25. Reverse Nodes in k-Group

Given a linked list, reverse the nodes of a linked list k at a time and return its modified list.

k is a positive integer and is less than or equal to the length of the linked list. If the number of nodes is not a multiple of k then left-out nodes in the end should remain as it is.

Example:

Given this linked list: 1->2->3->4->5

For k = 2, you should return: 2->1->4->3->5

For k = 3, you should return: 3->2->1->4->5

Note:

• Only constant extra memory is allowed.

• You may not alter the values in the list's nodes, only nodes itself may be changed.
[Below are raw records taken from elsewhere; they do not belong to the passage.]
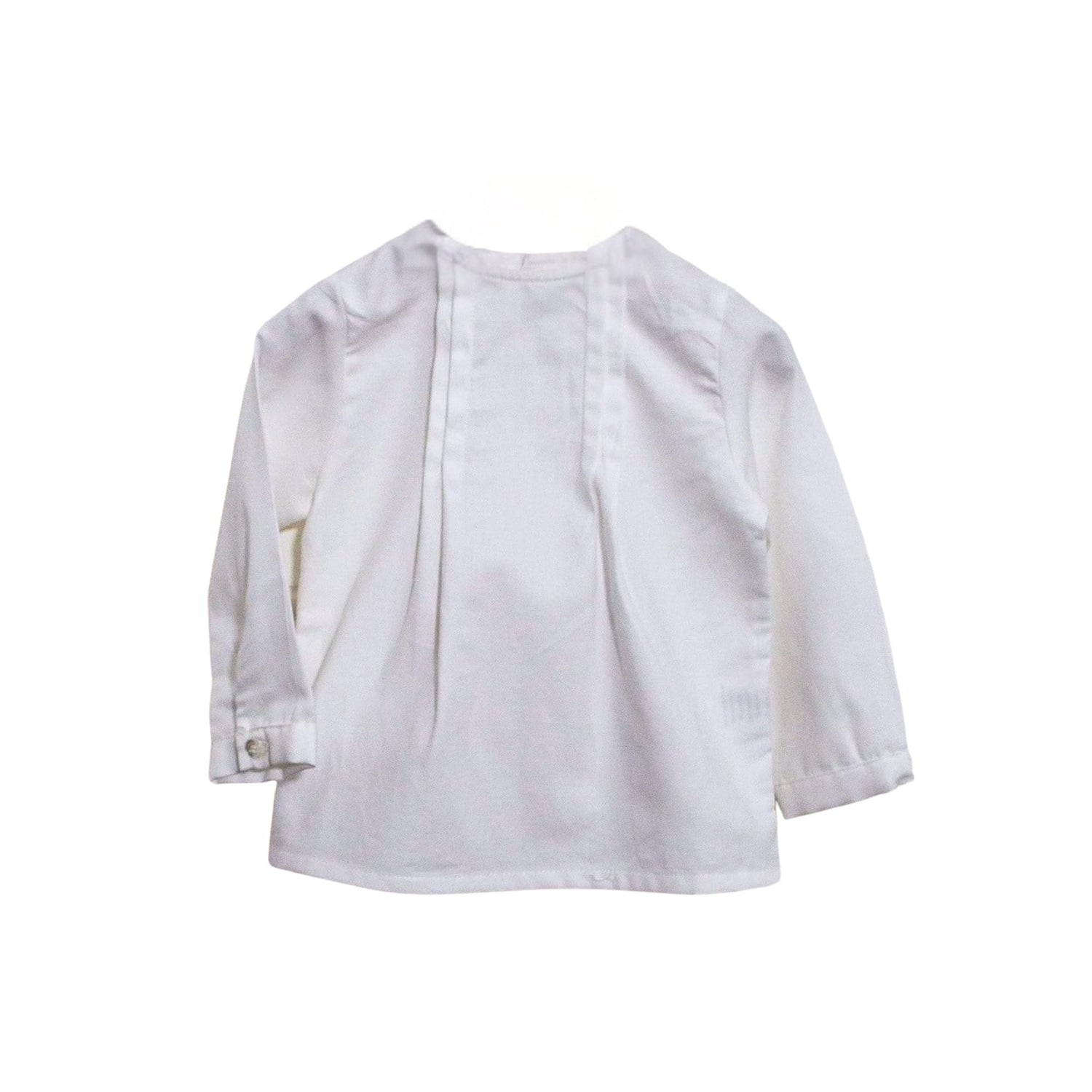 Cyril, blouse en twill de coton blanc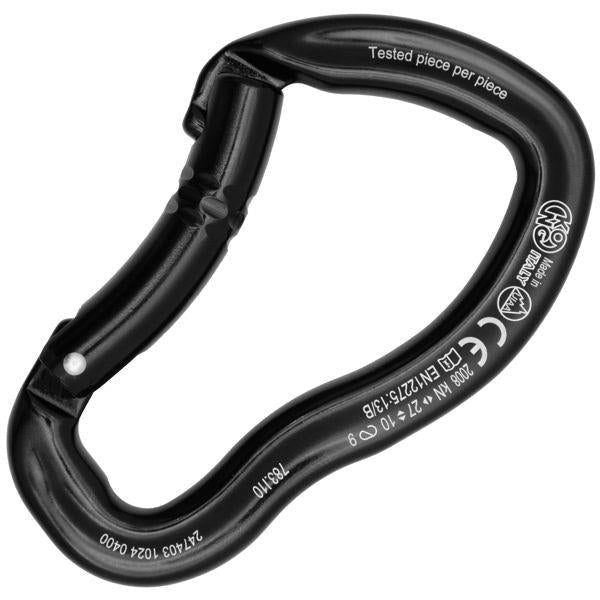Mousqueton Alu Kong à Levier Fil Et Large Ouverture 32 Mm – Pratique Et Solide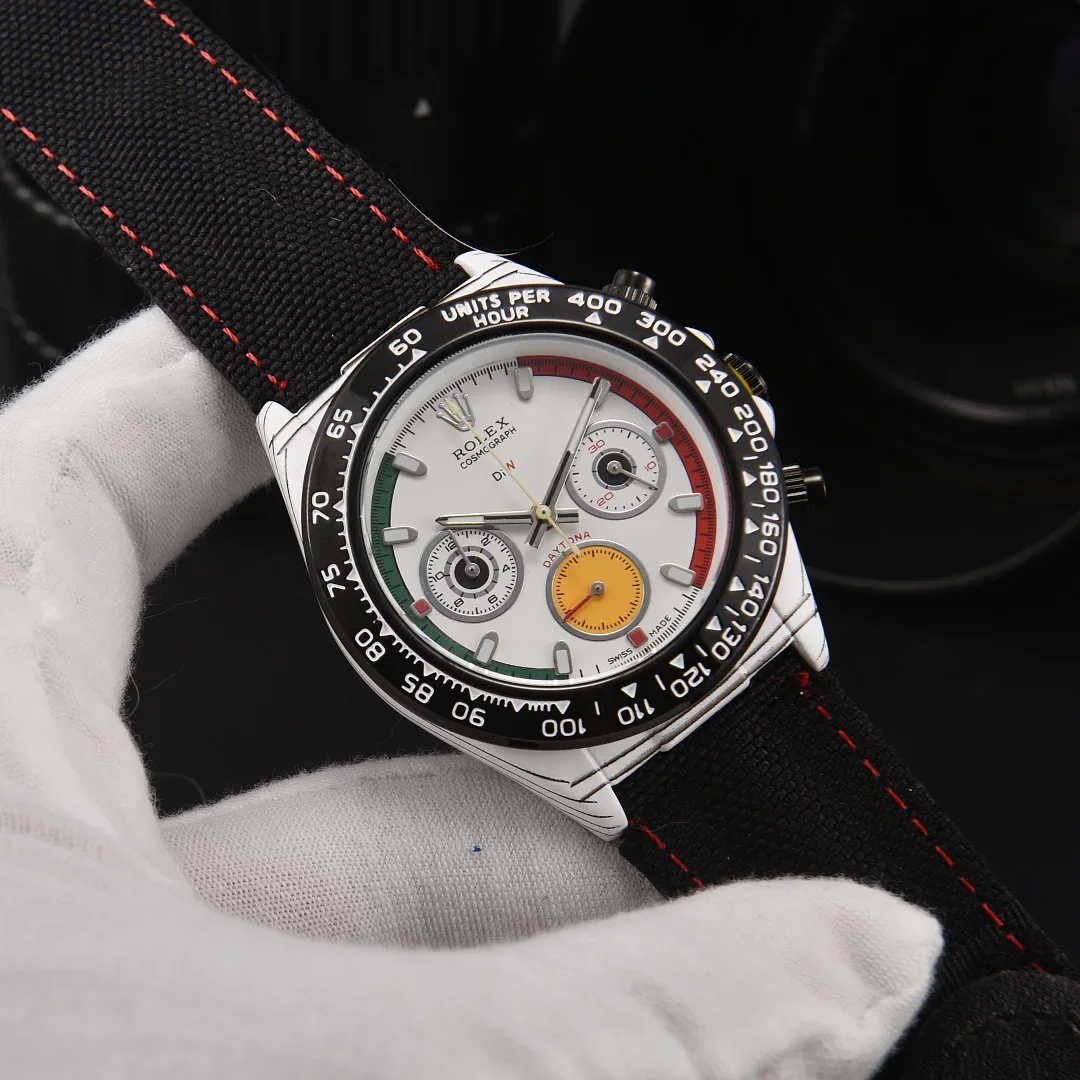 Reloj de Cuarzo de Diseño Rolex Clásico de Moda, Reloj de Pulsera de Lujo para Hombre y Mujer, Reloj de Cuarzo de Alta Calidad
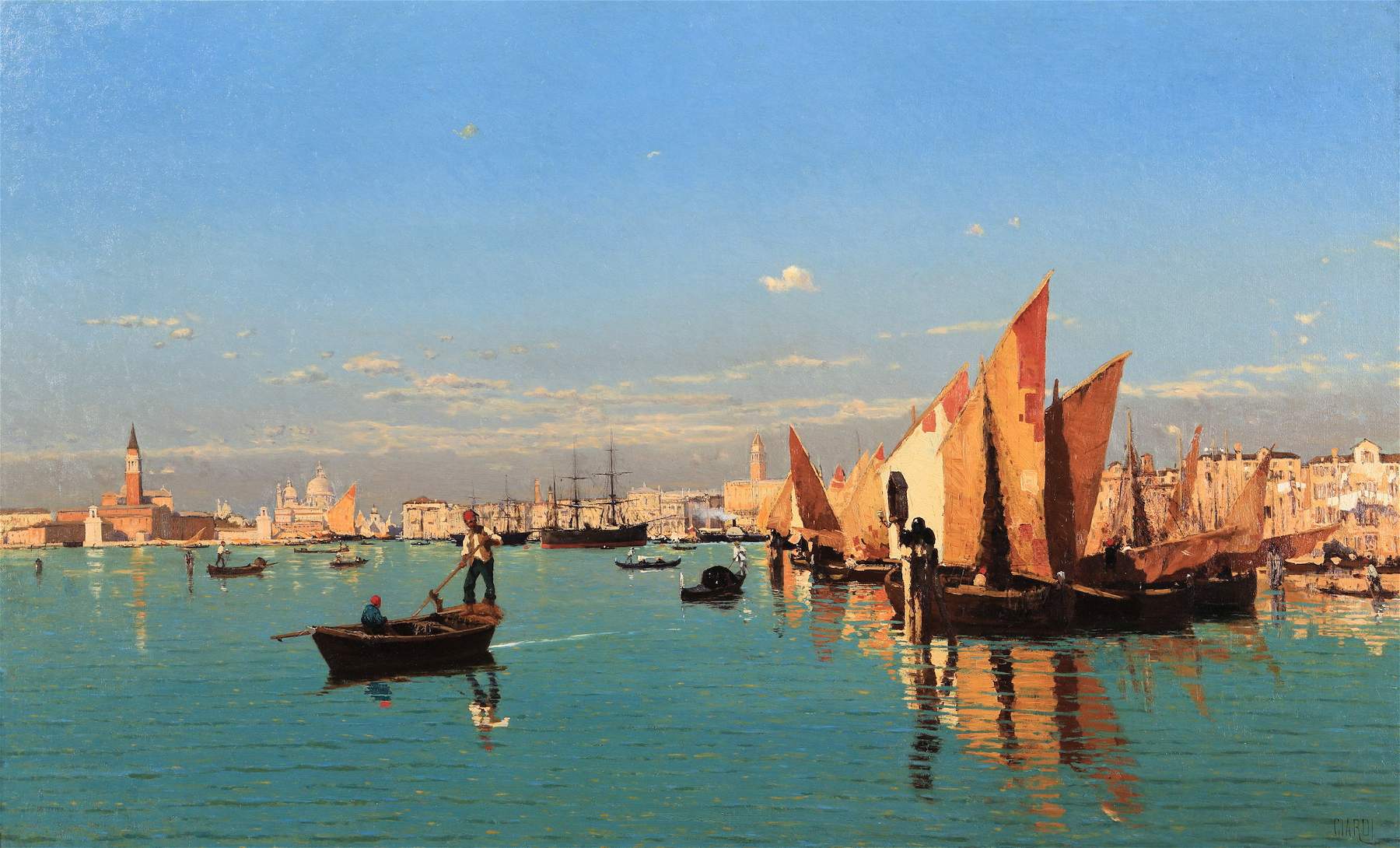 The myth of Venice on display in Novara: exhibition with works from Hayez to Ciardi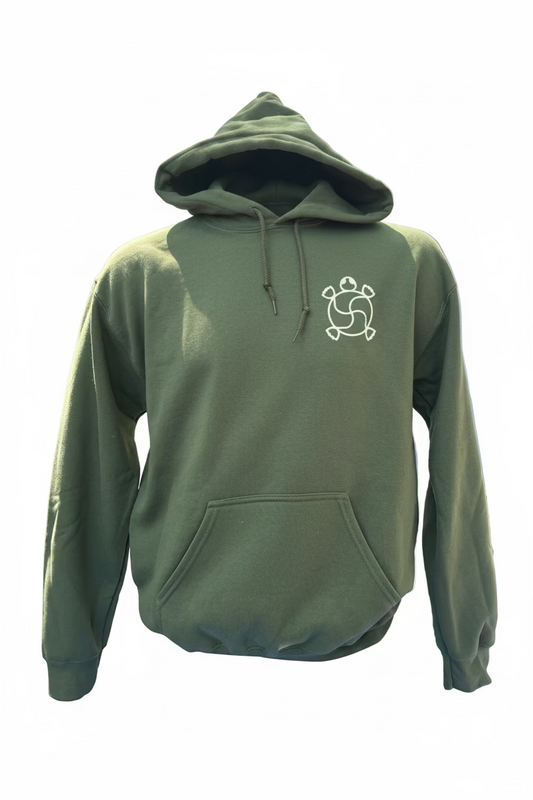 ‘Shared Earth’ by Deanna Burch printed Hoodie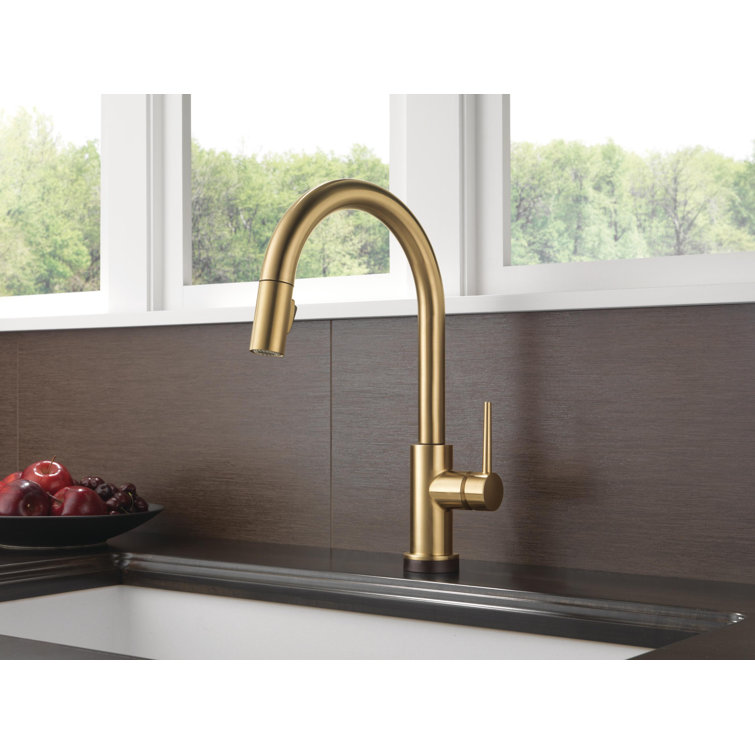 Modern Elegance Touch-Control Bronze Kitchen Sink Faucet with Pull-out Spray
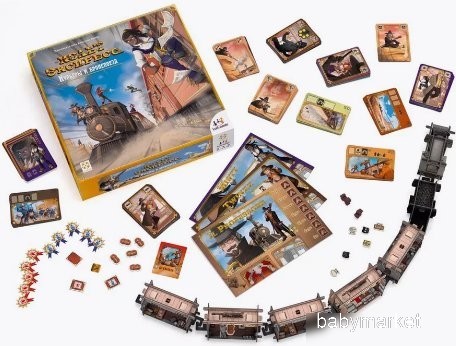 Дополнение к настольной игре Стиль Жизни Кольт экспресс. Курьеры и бронепоезд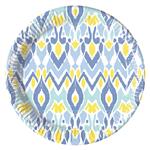 Blauw Gele Borden 23cm 8st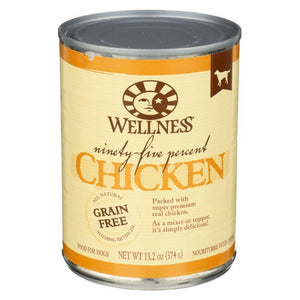 Wellness, Dog Food 95% Chicken, 13.2 Oz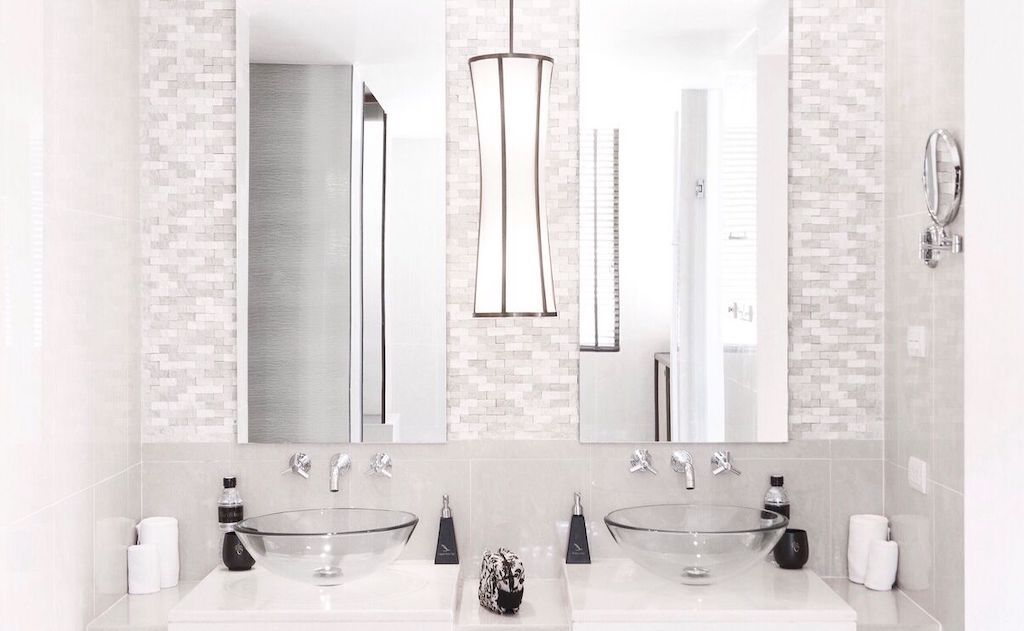 bathroom trend: lighting and sink upgrades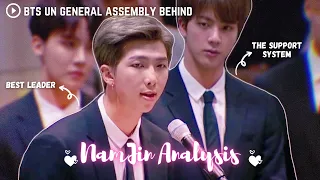 NamJin Analysis: BTS UN General Assembly Behind (The Best Support System; Kim Seokjin)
ListNode* reverseList(ListNode* pre, ListNode* next) {
    ListNode *last = pre->next, *cur = last->next;
    while (cur != next) {
        last->next = cur->next;
        cur->next = pre->next;
        pre->next = cur;
        cur = last->next;
    }
    return last;
}
ListNode* reverseKGroup(ListNode* head, int k) { // time: O(n * k); space: O(1)
    if (!head || k == 1) return head;
    ListNode *dummy = new ListNode(-1);
    dummy->next = head;
    ListNode *cur = head, *pre = dummy;
    int i = 0;
    while (cur) {
        ++i;
        if (i % k == 0) {
            pre = reverseList(pre, cur->next);
            cur = pre->next;
        } else {
            cur = cur->next;
        }
    }
    ListNode *res = dummy->next;
    delete dummy;
    return res;
}

ListNode* reverseKGroup(ListNode* head, int k) { // time: O(n * k); space: O(1)
    ListNode* dummy = new ListNode(-1);
    ListNode *pre = dummy, *cur = head;
    dummy->next = head;
    int count = 0;
    while (cur) {
        ++count;
        cur = cur->next;
    }
    while (count >= k) {
        cur = pre->next;
        for (int i = 1; i < k; ++i) {
            ListNode *t = cur->next;
            cur->next = t->next;
            t->next = pre->next;
            pre->next = t;
        }
        pre = cur;
        count -= k;
    }
    ListNode* res = dummy->next;
    delete dummy;
    return res;
}